Furthermore, we note that in Sass and in the case before us there was substantial evidence in the record demonstrating rehabilitation. In both cases, the California Board of Prison Terms appeared to give little or no weight to this evidence in reaching its conclusion that Sass and Irons presently constituted a danger to society and thus were unsuitable for parole. We hope that the Board will come to recognize that in some cases, indefinite detention based solely on an inmate’s commitment offense, regardless of the extent of his rehabilitation, will at some point violate due process, given the liberty interest in parole that flows from the relevant California statutes. Biggs, 334 F.3d at 917.5
The district court’s order granting Irons’ petition for habeas corpus is REVERSED.
. The record also shows that he was deemed unsuitable for parole in 2002, 2003, and 2004. *850We, of course, express no view as to the constitutionality of these denials or the applicability of the warning set forth in Biggs v. Terhune, 334 F.3d 910 (9th Cir.2003). See pp. 853, infra.
. We need not address whether the Board’s determination was “otherwise arbitrary” because that question is not implicated here.
. Specifically, under California Penal Code section 3041(a), "one year before the prisoner’s minimum eligible parole date, a Board panel shall meet with the inmate, ‘shall normally set a parole release date,’ and shall do so ‘in a manner that will provide uniform terms for offenses of similar gravity and magnitude in respect to their threat to the public.' ” Dannenberg, 34 Cal.4th at 1078, 23 Cal.Rptr.3d 417, 104 P.3d 783. However, a "determination of an individual inmate’s suitability for parole under section 3041, subdivision (b) must precede any effort to set a parole release date under the uniform-term principles of section 3041, subdivision (a).” Id. at 1079-80, 23 Cal.Rptr.3d 417, 104 P.3d 783.
.Under these regulations, the circumstances tending to show that a prisoner is unsuitable include: (1) the commitment offense, where the offense was committed in "an especially heinous, atrocious or cruel manner”; (2) the prisoner’s previous record of violence; (3) "a history of unstable or tumultuous relationships with others”; (4) commission of "sadistic sexual offenses”; (5) "a lengthy history of severe mental problems related to the offense”; and (6) “serious misconduct in prison or jail.” Cal.Code. Regs., tit. 15 § 2402(c). Circumstances tending to show that a prisoner is suitable for parole include: (1) the prisoner has no juvenile record; (2) the prisoner has experienced reasonably stable relationships with others; (3) the prisoner has shown remorse; ... (6) the prisoner lacks any significant history of violent crime; ... (8) the prisoner "has made realistic plans for release or has developed marketable skills that can be *852pul to use upon release”; (9) ''[(Institutional activities indicate an enhanced ability to function within the law upon release.” Cal.Code. Regs., tit. 15 § 2402(d).

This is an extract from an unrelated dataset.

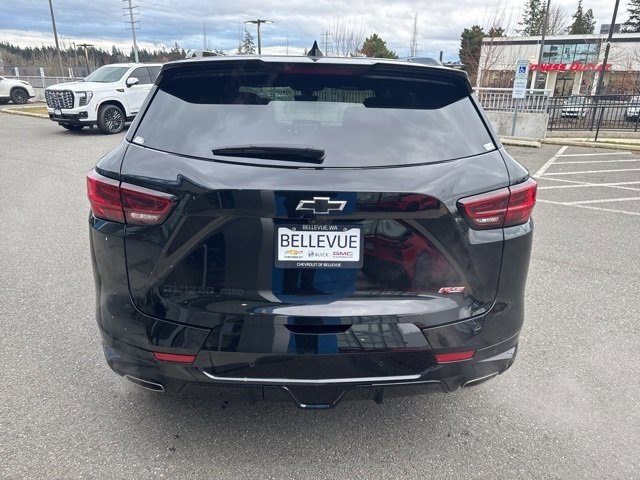 Used 2025 Chevrolet Blazer RS w/ Driver Confidence II Package image 4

. Although we requested and received briefing on the constitutionality of the provision of AEDPA that directs federal courts to grant habeas relief to state petitioners only when the state court decision denying relief was “contrary to, or involved an unreasonable application, of clearly established Federal law, as determined by the Supreme Court of the United States,” 28 U.S.C. 2254(d)(1), we are now persuaded that Duhaime v. Ducharme, 200 F.3d 597 (9th Cir.2000), answers that question, correctly or not, for the court. A three-judge panel of this court is without authority to overrule a holding of an earlier panel. Miller v. Gammie, 335 F.3d 889, 899 (9th Cir.2003) (en banc). Only an en banc court has the authority to do so. Id.